Greenwire (subs. req'd) reports:

"Copenhagen is December,” Sen. Barbara Boxer (D-CA) told reporters. "That's why I said we'll have a bill out of this committee by then.”

… Boxer added that she could move to mark up legislation quickly given her committee's large Democratic majority, but she would wait for now to build up support.

So Boxer's goal is to have an EPW bill by December. Then, of course, it has to go through Senate debate, get modified, and actually pass. And then, of course, it must be reconciled with the bill that comes from the House led by Energy and Commerce Chairman Henry Waxman (D-CA):

"When it comes to these bills, we're going to write our own bill, and he's going to write his own bill,” Boxer said of Waxman. "And we'll see where it goes. As far as coordinating and having exact legislation, we haven't decided.”

So reconciliation will probably not be easy nor fast, especially since this is a key point in the process for team Obama to weigh in. And then the final bill must pass both the House and Senate again, which will be yet another challenge, especially if the Senate bill borrows provisions from the presumably tougher House bill.

This timetable should be no surprise to CP readers. As I've said for a while, Obama should realize a 2009 bill is not possible, make lemon out of lemonade, and use this year to build domestic support for the bill, take strong actions on energy and climate that don't require congressional approval, and engage in high-level climate negotiations with China (see "Obama can get a better climate bill in 2010. Here's how.” and "Does a serious bill need action from China?").

As for Boxer's Principles, there is nothing terribly surprising here, although I think she overestimates how much of the auction revenues are likely to be available for her various desired purposes:

1. Reduce emissions to levels guided by science to avoid dangerous global warming.

2. Set short and long term emissions targets that are certain and enforceable, with periodic review of the climate science and adjustments to targets and policies as necessary to meet emissions reduction targets.

3. Ensure that state and local entities continue pioneering efforts to address global warming.

4. Establish a transparent and accountable market-based system that efficiently reduces carbon emissions.

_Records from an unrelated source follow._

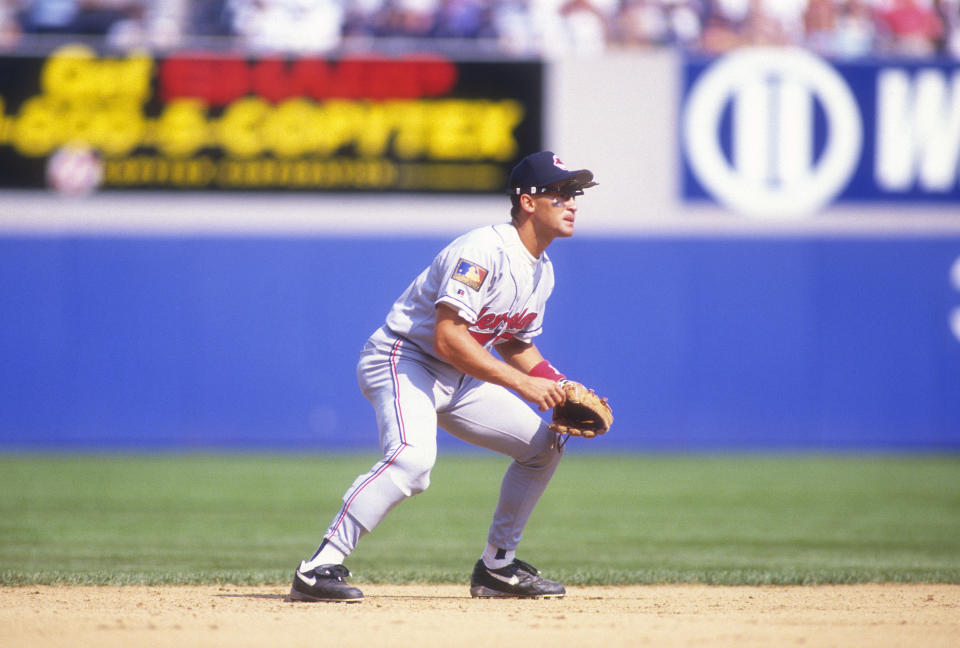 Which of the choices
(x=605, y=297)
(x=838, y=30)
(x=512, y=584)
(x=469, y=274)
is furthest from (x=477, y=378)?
(x=838, y=30)

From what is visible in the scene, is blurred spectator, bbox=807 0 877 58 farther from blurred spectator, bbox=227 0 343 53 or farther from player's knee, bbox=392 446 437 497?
player's knee, bbox=392 446 437 497

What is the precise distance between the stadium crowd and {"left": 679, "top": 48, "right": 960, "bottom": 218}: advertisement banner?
329 millimetres

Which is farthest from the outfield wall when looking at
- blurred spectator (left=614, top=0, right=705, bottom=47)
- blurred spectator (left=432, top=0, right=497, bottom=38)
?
blurred spectator (left=432, top=0, right=497, bottom=38)

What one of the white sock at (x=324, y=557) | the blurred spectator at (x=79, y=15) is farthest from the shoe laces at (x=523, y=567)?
the blurred spectator at (x=79, y=15)

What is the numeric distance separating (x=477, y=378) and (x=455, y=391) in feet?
0.89

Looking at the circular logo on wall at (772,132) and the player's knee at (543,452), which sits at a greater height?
the circular logo on wall at (772,132)

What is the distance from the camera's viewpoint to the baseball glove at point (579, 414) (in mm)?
5051

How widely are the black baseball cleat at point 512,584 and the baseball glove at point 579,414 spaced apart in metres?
0.67

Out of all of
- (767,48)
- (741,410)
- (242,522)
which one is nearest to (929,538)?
(242,522)

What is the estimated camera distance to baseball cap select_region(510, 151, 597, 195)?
5047mm

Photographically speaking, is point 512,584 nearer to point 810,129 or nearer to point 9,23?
point 810,129

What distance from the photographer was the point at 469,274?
484 cm

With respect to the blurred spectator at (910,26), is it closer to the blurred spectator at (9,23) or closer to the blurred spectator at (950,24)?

5. Use revenues from the carbon market to:

- Keep consumers whole as our nation transitions to clean energy;

- Invest in clean energy technologies and energy efficiency measures;

- Assist states, localities and tribes in addressing and adapting to global warming impacts;

- Assist workers, businesses and communities, including manufacturing states, in the transition to a clean energy economy;

- Support efforts to conserve wildlife and natural systems threatened by global warming; and

-Work with the international community, including faith leaders, to provide support to developing nations in responding and adapting to global warming. In addition to other benefits, these actions will help avoid the threats to international stability and national security posed by global warming.

6. Ensure a level global playing field, by providing incentives for emission reductions and effective deterrents so that countries contribute their fair share to the international effort to combat global warming.

As a matter of politics, I believe the vast majority of the revenues from the auction will need to be returned to taxpayers -- that is to say, the vast middle class. I think at least 60% to 80% needs to be refunded to start with, rising to 80% to 90% within 10 years. Otherwise conservative opponents will simply attack this entire effort as a tax (see "Is 450 ppm politically possible? Part 6: What the Boxer-Lieberman-Warner bill debate tells us"). Yes, they'll do so anyway, but if the bottom of three to four quintiles are made whole, the argument can be refuted.

It is also a tad surprising that she did not mention cost containment provisions, including rip-offsets, that so haunted her first attempt (see "Boxer-Lieberman-Warner bill update: Probably no U.S. CO2 emissions cut until after 2025"). Needless to say, any significant number of rip-offsets would be utterly at odds with principle number one -- "Reduce emissions to levels guided by science to avoid dangerous global warming” (see "Is 450 ppm politically possible? Part 8: The U.S. needs a tougher 2020 GHG emissions target").

Digg!

Dr. Joseph Romm is a Senior Fellow at the Center for American Progress, where he oversees the blog ClimateProgress.org.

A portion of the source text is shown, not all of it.